ただ時間が長いのと、作中でも結構過去と現在を行ったり来たりするから、ここでちょっと時系列順にネタバレ込みでストーリーをまとめます。
2010年の宮城県石巻市に住むキリエって女の子は、同じ高校の先輩・夏彦と付き合っていた。それでキリエは夏彦の子を妊娠し、将来結婚する約束をする。ところが翌年、東日本大震災による津波が起こり、妹のルカを探しに行ったキリエは行方不明になってしまう。
家族全員が行方不明になってしまった9歳のルカは言葉が喋れなくなってしまい、しかもなぜか大阪で路上生活をしていた。そこを小学校教員が発見し、唯一の知り合いである夏彦に連絡を取る。夏彦はルカの面倒を見ようとするけど、血縁でもなんでもない彼には引き取ることができず、ルカは児童養護施設に送られる。
数年後。
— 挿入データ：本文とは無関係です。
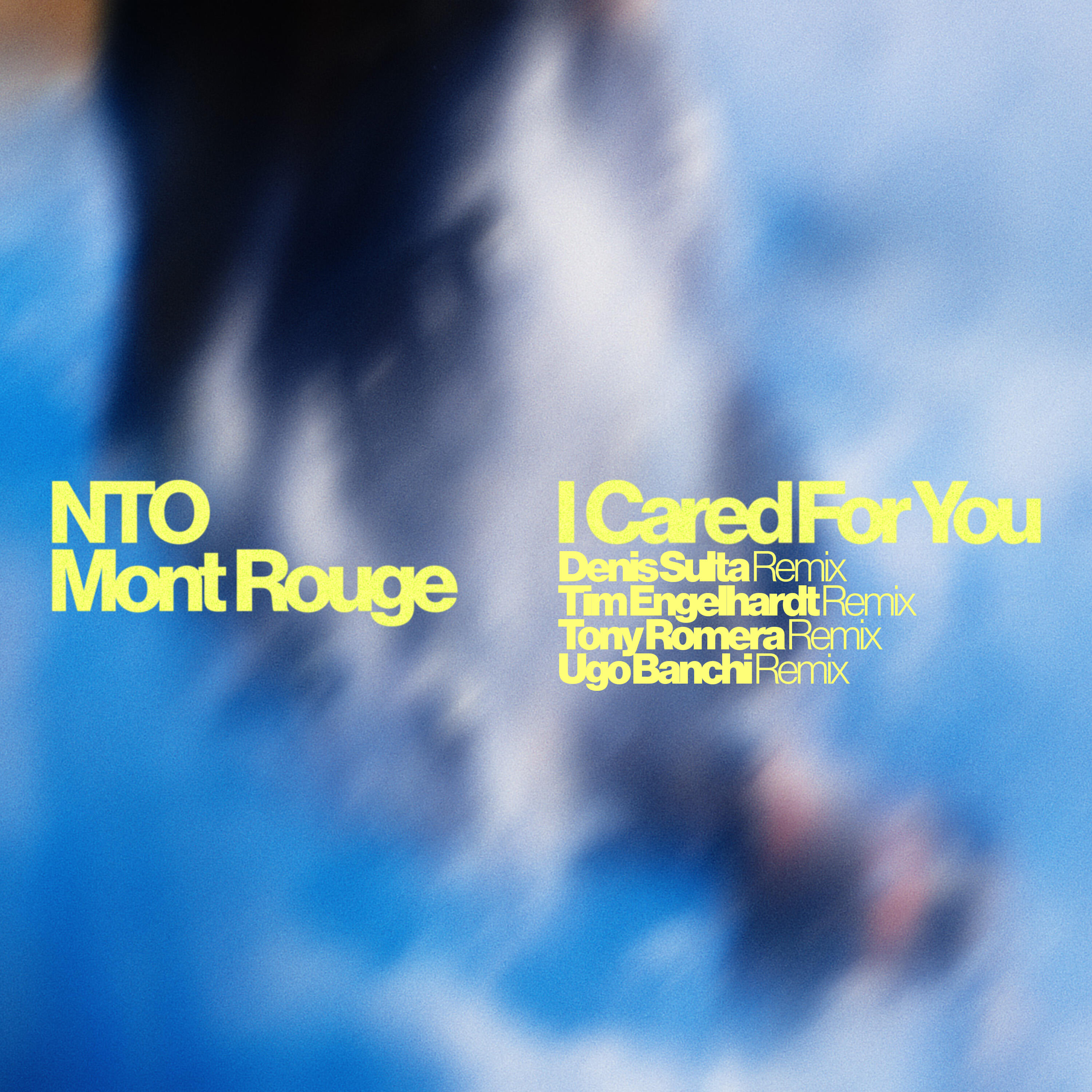 Релиз I Cared For You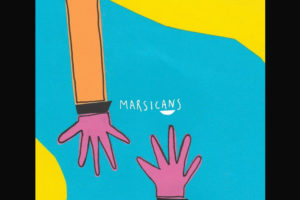 Read more about the article Release review: Marsicans “Friends” – Single, out now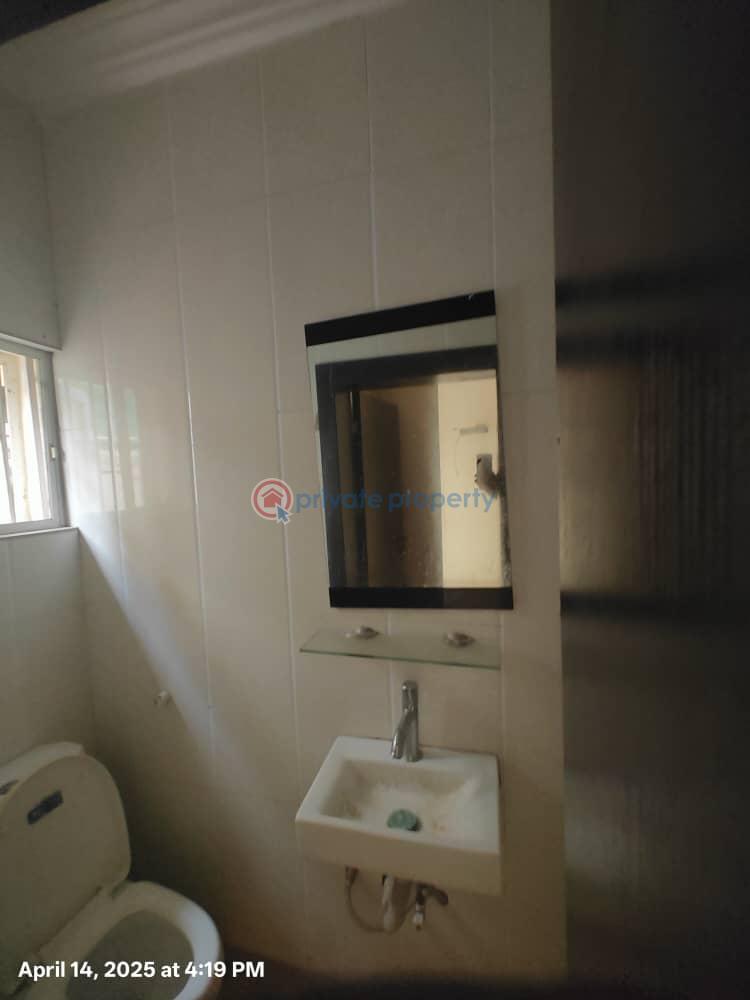 2 bedroom Block Of Flats For Rent Osapa London Lekki Lagos - 21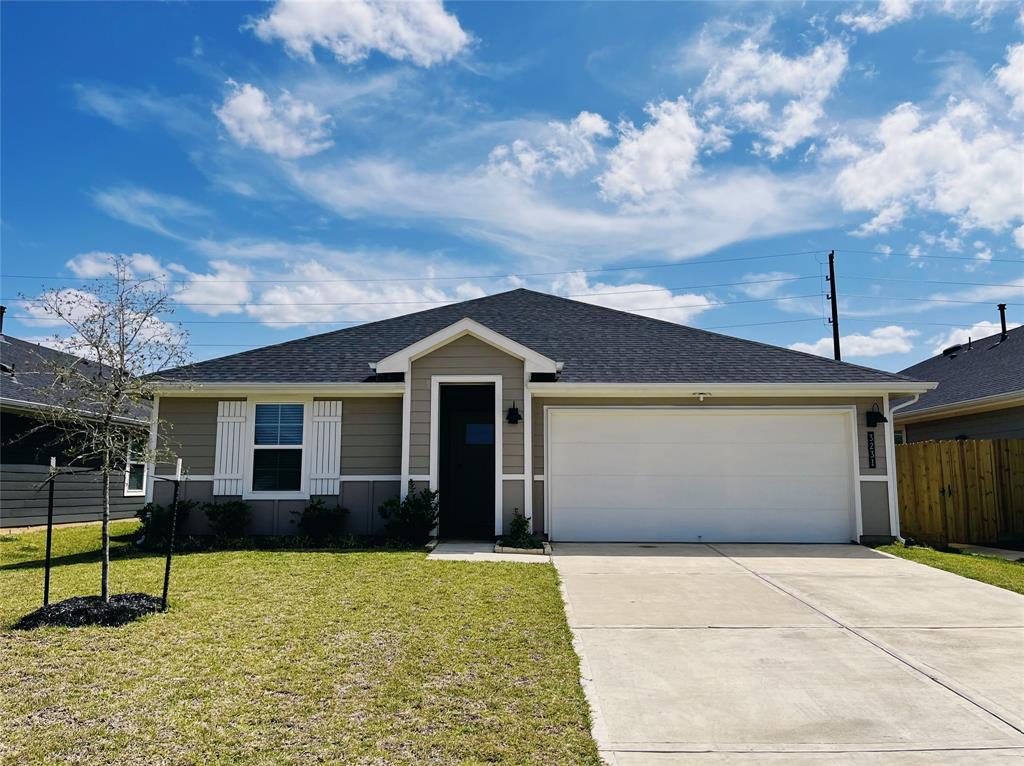 3231 Langley Bend Lane, Fulshear, Texas image 1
北海道で働いていた夏彦の元に、同じく北海道で高校に通っているルカから連絡がくる。歌を歌うときは声が出せるけど、それ以外はほとんど喋れないままのルカは高校で孤立していて、里親との関係もあまり上手くいっていない。そこで夏彦は、自分が家庭教師をしているルカと同じ学校のマオリって子に「友達になってくれ」と頼む。
マオリとルカは妙にウマが合い、親友になる。一方、里親と上手くいっていないルカは夏彦の家に入り浸っており、それが問題視されてルカは夏彦と会うことを禁止されてしまう。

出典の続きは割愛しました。